• [Directions]: Every entry must be repeated exactly. Exclude all pictures.

(Short web captions)
╭──
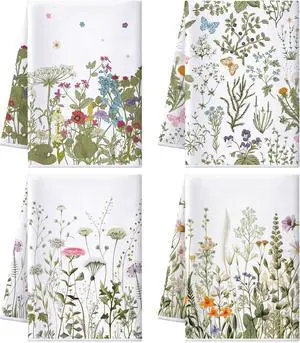 Bencailor 4 Pcs Wildflower Kitchen Towels Floral Hand Tea Towels Gifts | White Green Leaves Dishcloths Fast Drying Decorative Set Decor Housewarming Gift for Cooking Kitchen Bathroom Bencailor 4 Pcs Wildflower Kitchen Towels Floral Hand Tea Towels Gifts | White Green Leaves Dishcloths Fast Drying Decorative Set Decor Housewarming Gift for Cooking Kitchen Bathroom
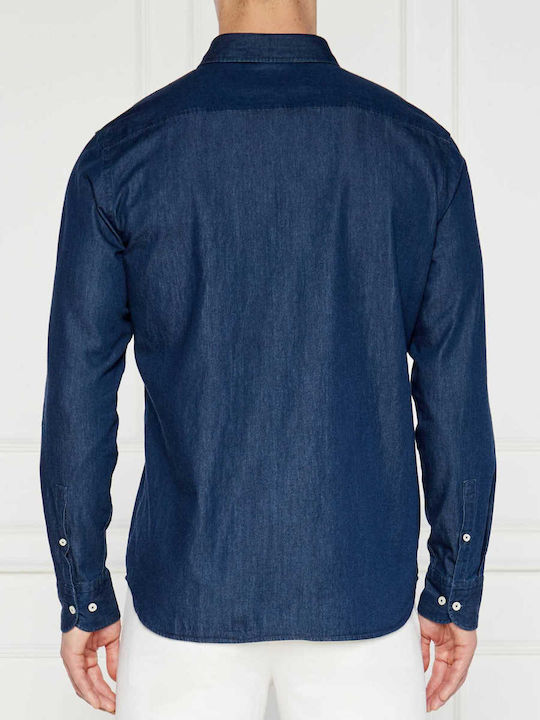 Hugo Boss Men's Shirt Cotton dark blue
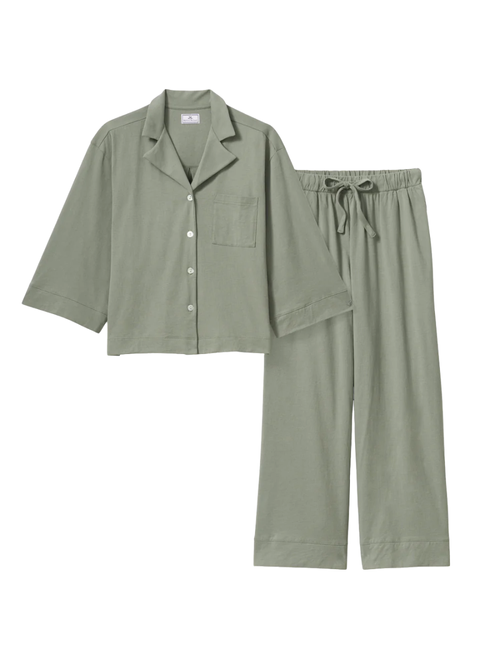 The Olivia Wide Leg Pima Pajama Set 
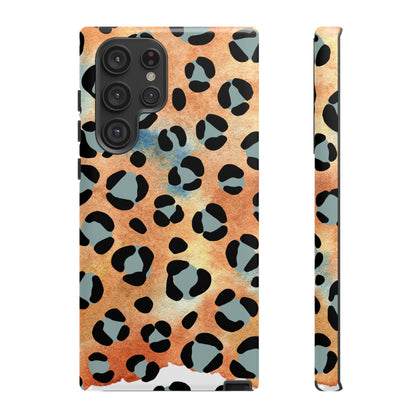 Sunset Watercolor Leopard Print Tough Samsung Galaxy Case – Artistic Animal Pattern with Dual-Layer Protection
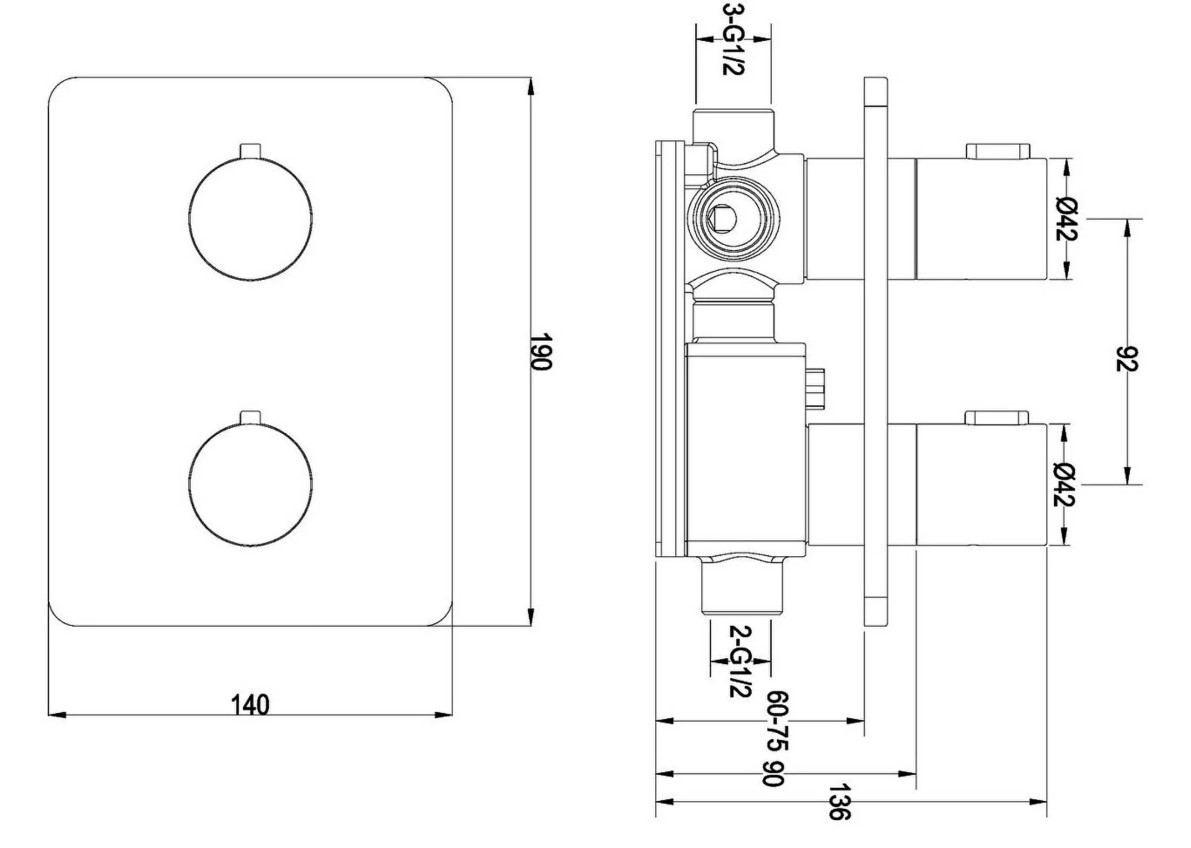 Ben Lavion inbouw thermostaat doucheset 3-weg hoofddouche met Dual Air-in Rain waterval/cascade chroom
╰──
• [Written solution]:
 Bencailor 4 Pcs Wildflower Kitchen Towels Floral Hand Tea Towels Gifts | White Green Leaves Dishcloths Fast Drying Decorative Set Decor Housewarming Gift for Cooking Kitchen Bathroom Bencailor 4 Pcs Wildflower Kitchen Towels Floral Hand Tea Towels Gifts | White Green Leaves Dishcloths Fast Drying Decorative Set Decor Housewarming Gift for Cooking Kitchen Bathroom
 Hugo Boss Men's Shirt Cotton dark blue
 The Olivia Wide Leg Pima Pajama Set 
 Sunset Watercolor Leopard Print Tough Samsung Galaxy Case – Artistic Animal Pattern with Dual-Layer Protection
 Ben Lavion inbouw thermostaat doucheset 3-weg hoofddouche met Dual Air-in Rain waterval/cascade chroom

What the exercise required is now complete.